Un intérim au long cours. Jean-Pierre Pernaut ayant décidé par précaution de rester chez lui pendant la crise sanitaire, Jacques Legros, son joker depuis 1998, a repris la présentation du "13 Heures" de TF1 depuis le 18 mars dernier. Pour la première fois, les deux journalistes figurent au sein de la même édition chaque jour puisque si Jacques Legros assure la partie principale, Jean-Pierre Pernaut a sa rubrique dédiée, baptisée "Le 13 Heures avec vous", consacrée à la vie quotidienne des Français.
Côté audiences, le journal de la mi-journée de TF1 enregistre des scores en nombre de téléspectateurs en nette hausse depuis le mois de mars, avec une moyenne de 7,29 millions de fidèles entre le 18 mars et le 19 mai, soit 41,0% du public selon Médiamétrie, contre 5,16 millions de téléspectateurs (41,4%) depuis le début de l'année. puremedias.com a interrogé Jacques Legros sur cet intérim pas comme les autres.

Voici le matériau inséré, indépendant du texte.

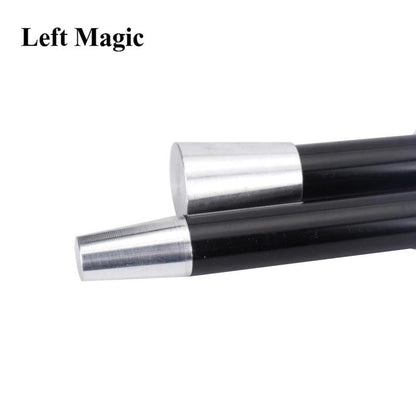 Aluminum Dancing Cane Stick (Silver/Black) Magic Trick Floating Magic Wand Close Up Street Stage Magic Props Accessories - petguardiansupplies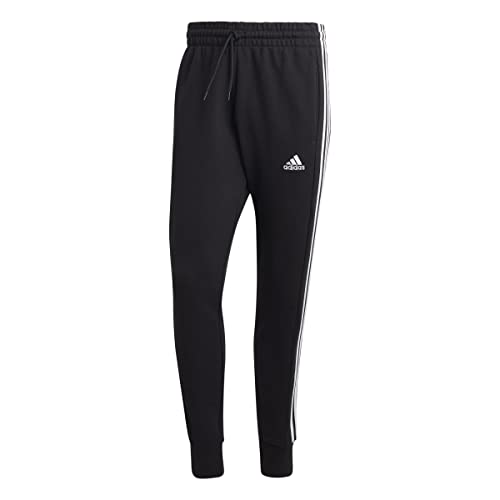 adidas Essentials French Terry Tapered Cuff 3-stripes Joggers Pants, Black/White, M Hombre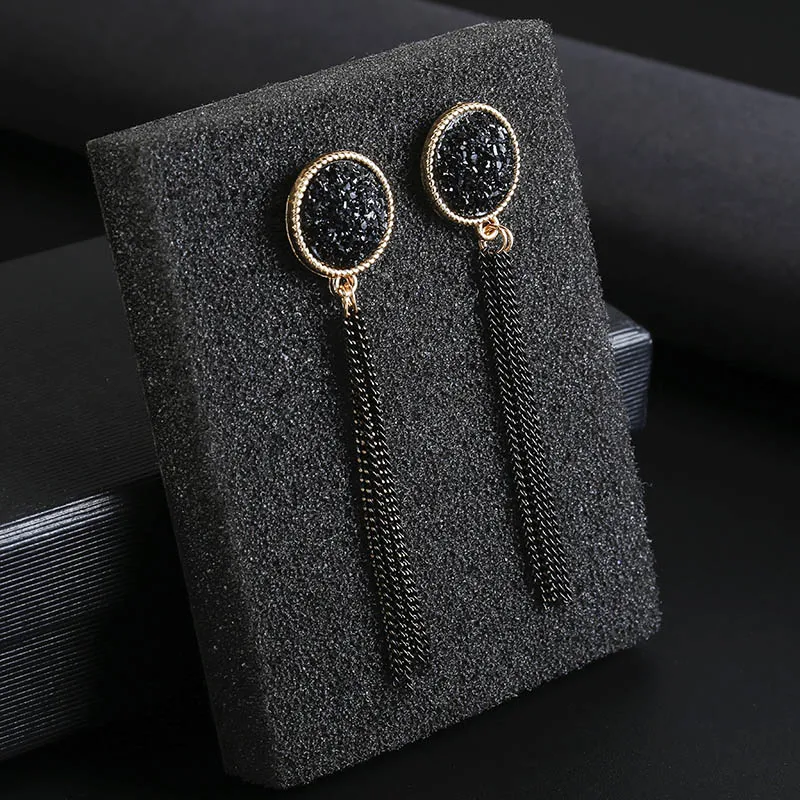 Модные корейские длинные ассиметричные геометрические серьги в виде колец новые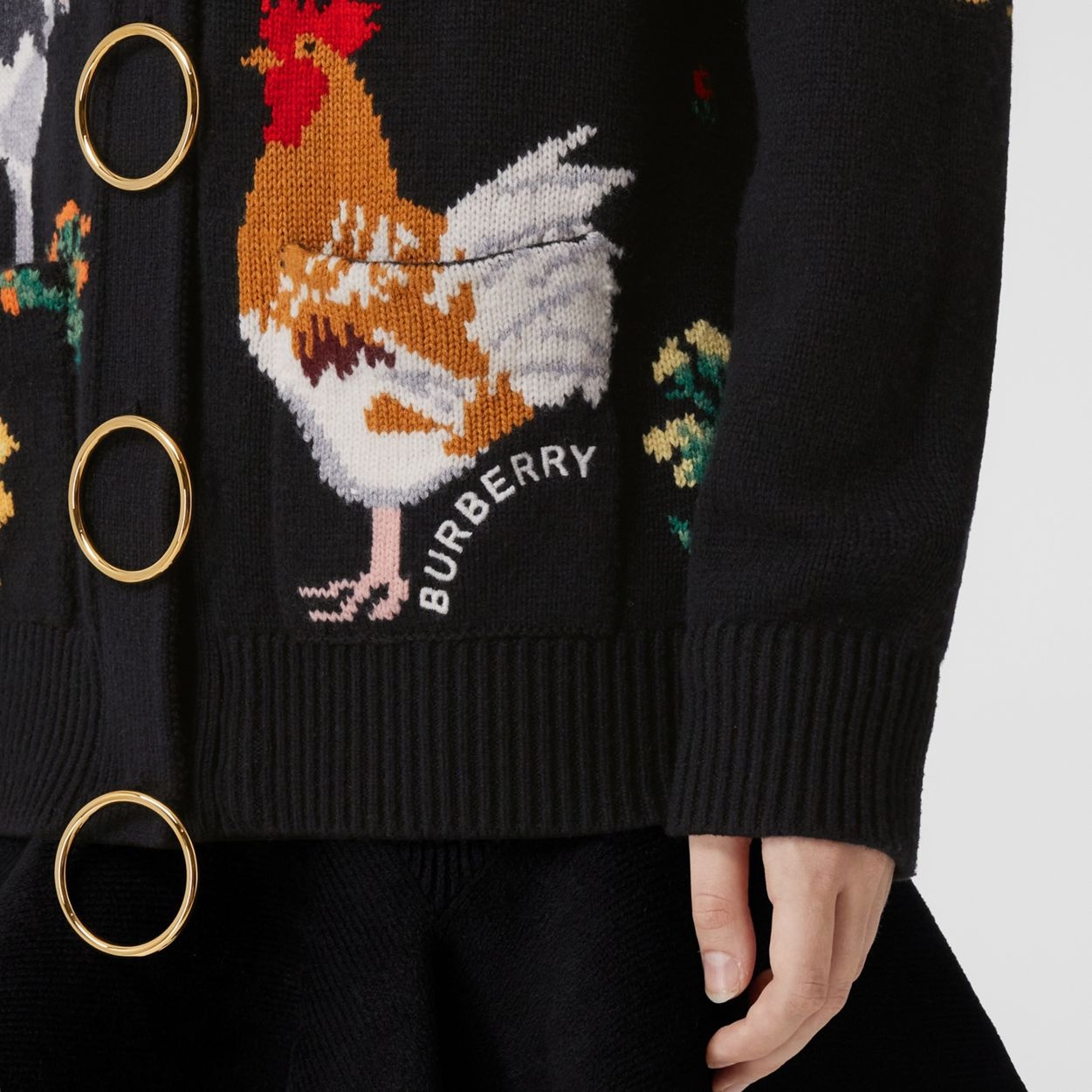 Animal Intarsia Wool Cashmere Cardigan - 5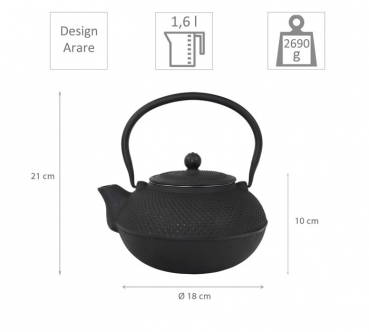 teeblume cast iron teapot Arare, 1,6 litre, with strainer, black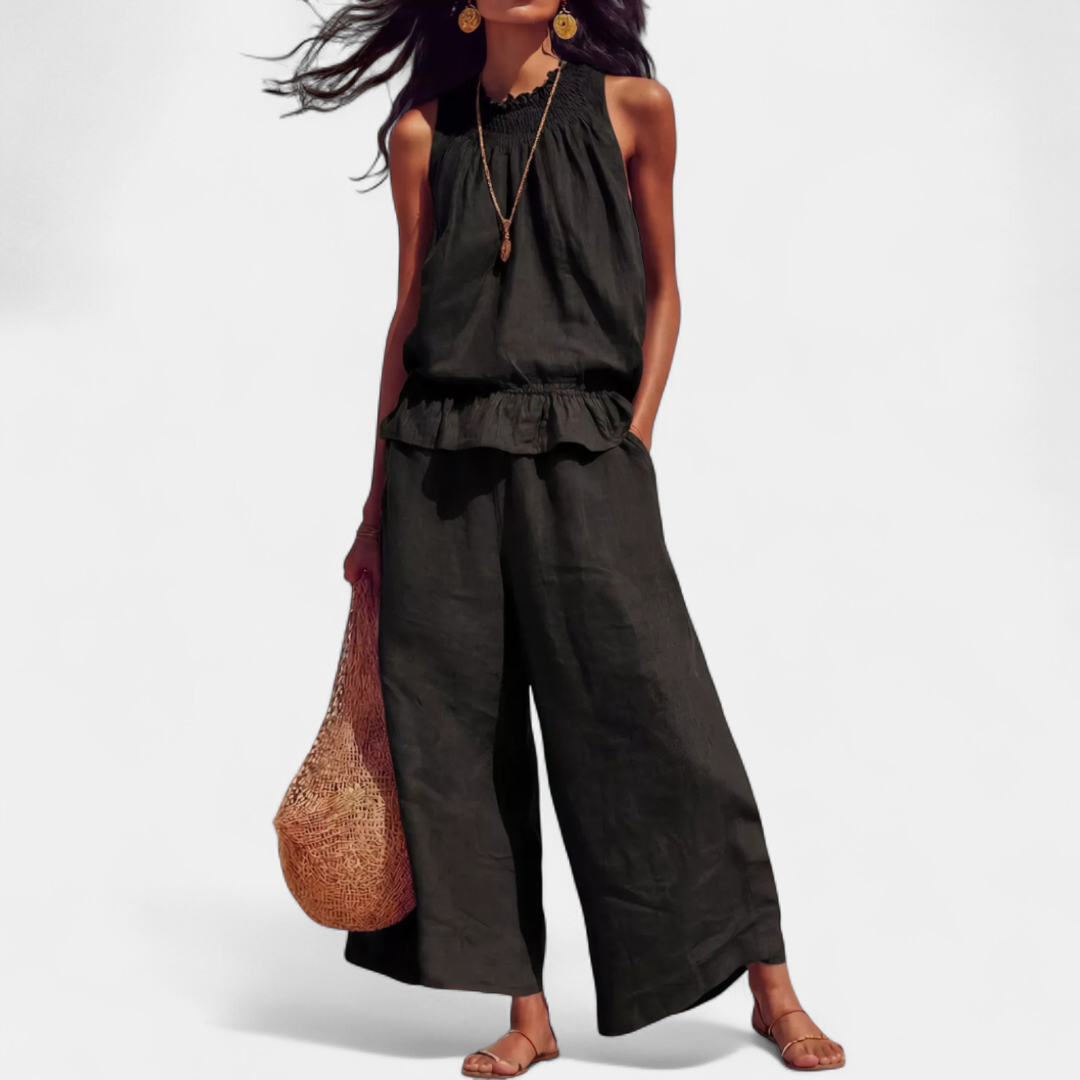 Women's Breezy Linen Wide-Leg Two-Piece Set - Black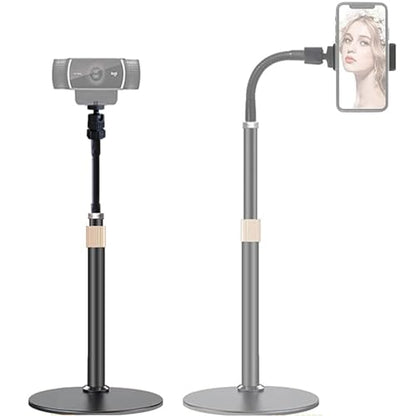 Webcam Stand Phone Holder [Extension-Type] Desktop Stand Flexible Gooseneck Video Stand Camera Mount for Cellphones, Logitech Webcam C922 C930e C920S C920 C615, Etc. (1/4" Threads)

Propos recueillis par Christophe Gazzano.Vous avez repris la présentation du "13 Heures" depuis près de deux mois. Comment s'est passée la transition entre Jean-Pierre Pernaut et vous ?
Comme d'habitude ! Je rappelle que ça fait 22 ans que je suis son joker et que j'ai l'habitude de faire la transition avec Jean-Pierre plusieurs fois dans l'année. Le lundi, on me dit, "est-ce-que tu peux venir demain ?". Je suis venu le lendemain. Pour moi, ce n'était pas quelque chose d'exceptionnel.
Vous étiez-vous préparé à reprendre la présentation si nécessaire pendant la crise ou avez-vous été surpris d'être appelé si vite ?
Je n'ai pas été surpris car je suivais l'évolution des choses, même si je ne savais pas quel jour cela pourrait arriver. Mais quoiqu'il en soit, on a établi une règle du jeu entre la direction de TF1, Jean-Pierre et moi : c'est que le "13 Heures" doit être la priorité dans mon agenda. Il m'est arrivé un jour d'être appelé alors que j'étais dans la vallée de Chamonix et j'ai réussi quand même à être là pour le "13 Heures" ! Je suis susceptible de le faire à tout moment donc je me rends disponible quoi qu'il arrive. C'est une règle établie, je l'applique. Dans l'année, cela arrive de temps en temps.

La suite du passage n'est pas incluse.